Short descriptive text snippets:
------------------------------------------------

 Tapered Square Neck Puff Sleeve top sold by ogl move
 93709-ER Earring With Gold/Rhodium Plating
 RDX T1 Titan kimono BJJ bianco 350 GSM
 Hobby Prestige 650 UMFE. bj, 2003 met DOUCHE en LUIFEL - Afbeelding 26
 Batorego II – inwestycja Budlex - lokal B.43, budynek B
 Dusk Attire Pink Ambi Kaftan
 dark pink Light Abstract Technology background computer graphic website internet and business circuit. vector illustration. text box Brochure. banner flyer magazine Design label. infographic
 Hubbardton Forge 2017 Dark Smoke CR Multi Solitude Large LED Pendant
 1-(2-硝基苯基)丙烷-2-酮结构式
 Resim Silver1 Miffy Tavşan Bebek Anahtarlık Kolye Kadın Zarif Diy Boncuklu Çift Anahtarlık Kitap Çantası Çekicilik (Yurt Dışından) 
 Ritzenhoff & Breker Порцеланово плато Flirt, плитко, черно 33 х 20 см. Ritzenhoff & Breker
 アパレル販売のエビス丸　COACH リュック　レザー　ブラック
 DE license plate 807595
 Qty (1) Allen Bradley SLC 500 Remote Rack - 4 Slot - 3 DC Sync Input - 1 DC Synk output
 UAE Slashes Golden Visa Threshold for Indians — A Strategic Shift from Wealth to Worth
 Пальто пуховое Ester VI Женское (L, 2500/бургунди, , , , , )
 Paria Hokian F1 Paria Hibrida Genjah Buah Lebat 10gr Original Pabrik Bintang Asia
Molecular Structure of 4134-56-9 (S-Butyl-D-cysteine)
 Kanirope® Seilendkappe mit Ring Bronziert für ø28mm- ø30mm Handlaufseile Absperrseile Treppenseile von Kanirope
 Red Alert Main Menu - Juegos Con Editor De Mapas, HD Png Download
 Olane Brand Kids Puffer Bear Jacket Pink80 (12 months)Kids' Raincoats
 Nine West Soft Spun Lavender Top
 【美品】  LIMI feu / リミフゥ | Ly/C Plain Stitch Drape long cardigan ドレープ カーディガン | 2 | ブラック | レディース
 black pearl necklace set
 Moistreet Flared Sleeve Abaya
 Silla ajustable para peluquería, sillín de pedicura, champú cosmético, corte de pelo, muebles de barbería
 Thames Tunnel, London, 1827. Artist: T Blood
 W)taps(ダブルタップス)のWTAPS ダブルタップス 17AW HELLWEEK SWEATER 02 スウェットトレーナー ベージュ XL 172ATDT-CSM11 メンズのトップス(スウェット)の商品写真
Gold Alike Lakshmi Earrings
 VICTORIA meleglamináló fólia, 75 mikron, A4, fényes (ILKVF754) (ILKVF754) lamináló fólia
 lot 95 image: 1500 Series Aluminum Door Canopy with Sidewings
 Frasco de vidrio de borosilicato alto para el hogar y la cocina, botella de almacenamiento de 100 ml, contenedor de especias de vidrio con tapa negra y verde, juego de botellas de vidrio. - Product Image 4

------------------------------------------------

* **TASK REQUIREMENTS**
Go through the entries and copy every line that has "para".

* **ANSWER AREA**
 Silla ajustable para peluquería, sillín de pedicura, champú cosmético, corte de pelo, muebles de barbería
 Frasco de vidrio de borosilicato alto para el hogar y la cocina, botella de almacenamiento de 100 ml, contenedor de especias de vidrio con tapa negra y verde, juego de botellas de vidrio. - Product Image 4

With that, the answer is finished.